I am working with a data frame (imported from an csv file) which has NA values in its numerical columns. And I want to replace all of the NA values to median values and update the data frame. For example in this picture, the column "Speed_of_maximum_wind_gust(km/h)", which is a numerical column has an NA value (red circled)
Then I went ahead and add the following code:
test2 %>% mutate_if(is.numeric, function(x) ifelse(is.na(x), median(x, na.rm = T), x))
The above code certainly works, however it only gave an output:
And the mentioned NA value remains the same:
I don't know what I did wrong here but I want the result to be updated in the data frame so that I can export it as new .csv file for later.

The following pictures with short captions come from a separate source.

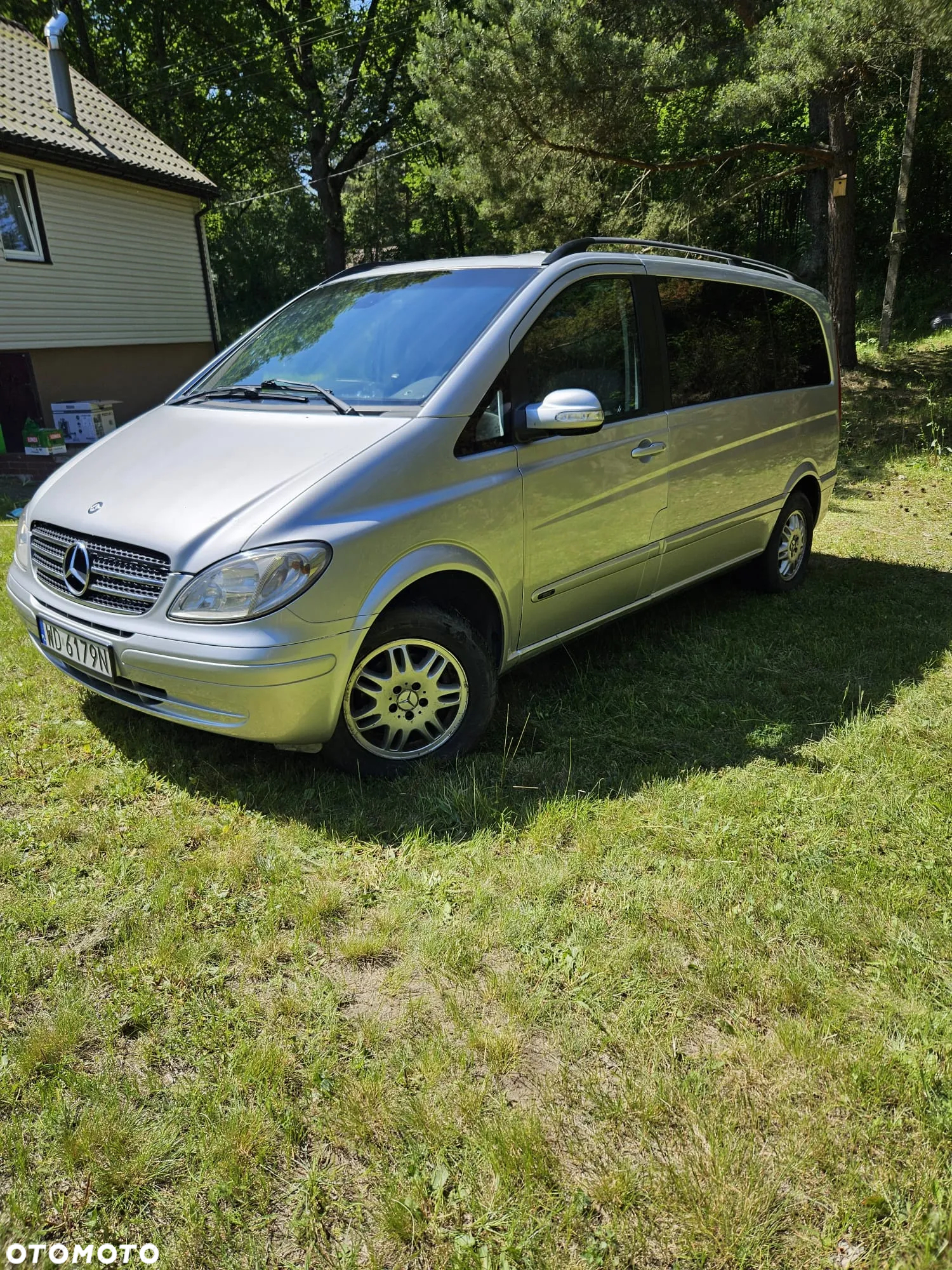 Mercedes-Benz Viano 2.2 CDI Trend - 3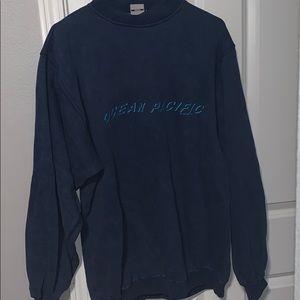 Ocean Pacific XL Long Sleeve Sweatshirt/Sweater
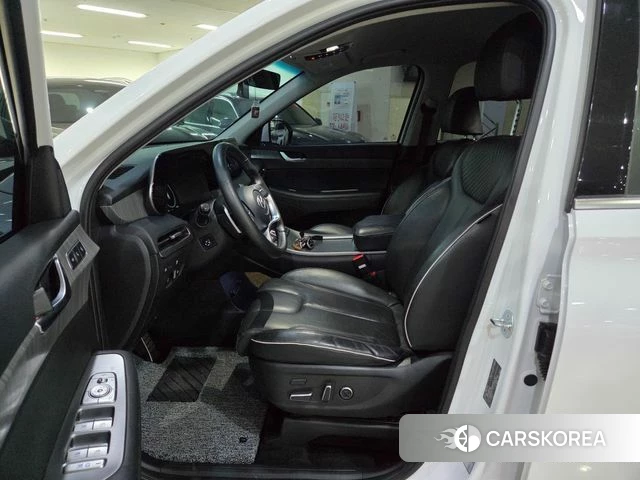 Hyundai The New Palisade id 4281152 из Кореи 16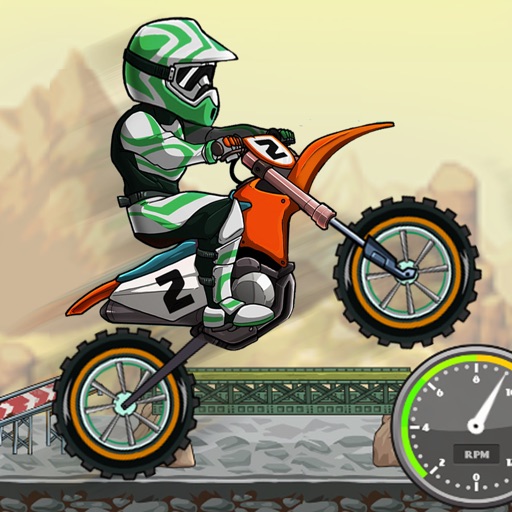 Motocross Classic icon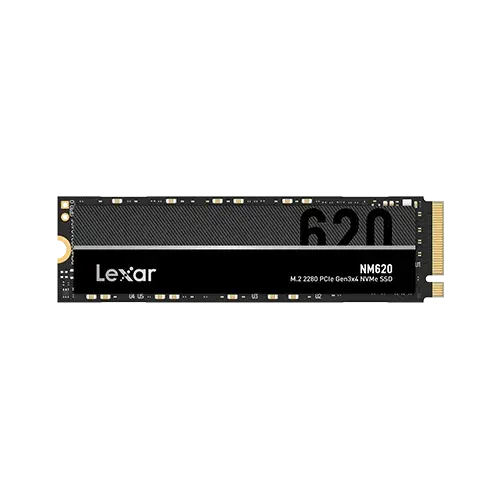 Lexar NM620 2TB SSD M.2 NVMe Gen3 3500 MB/s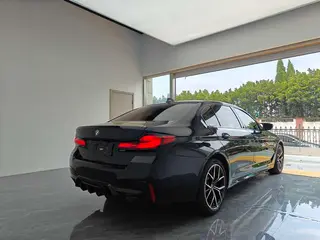 BMW 5 Series 2022 530Li Premium Class M Sports suit exterior photo 5 BMW 5 Series 2022 530Li Premium Class M Sports suit exterior photo 5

Would anyone be able to help me out? Thanks a lot!
CodePudding user response:
Based on your screenshots, it looks like you're just going back to the RStudio viewer window to look at the data frame again. If so, the issue is this:
When you write test2 %>% mutate_if(...)
, you're telling R to change something in test2
and return the result (roughly meaning, in this context, to just print the result and show it to you). What you're not telling it to do is to save that result anywhere.
You would want something like test2 <- test2 %>% mutate_if(...)
to overwrite the existing test2
data frame in your global environment, or something like test3 <- test2 %>% mutate_if(...)
to give it a new name and store the modified thing as a separate object while retaining the old one.
Lastly, I would echo Andrea M's concern that you might not want to do this at all. Imputing missing data with averages is, on a good day, risky.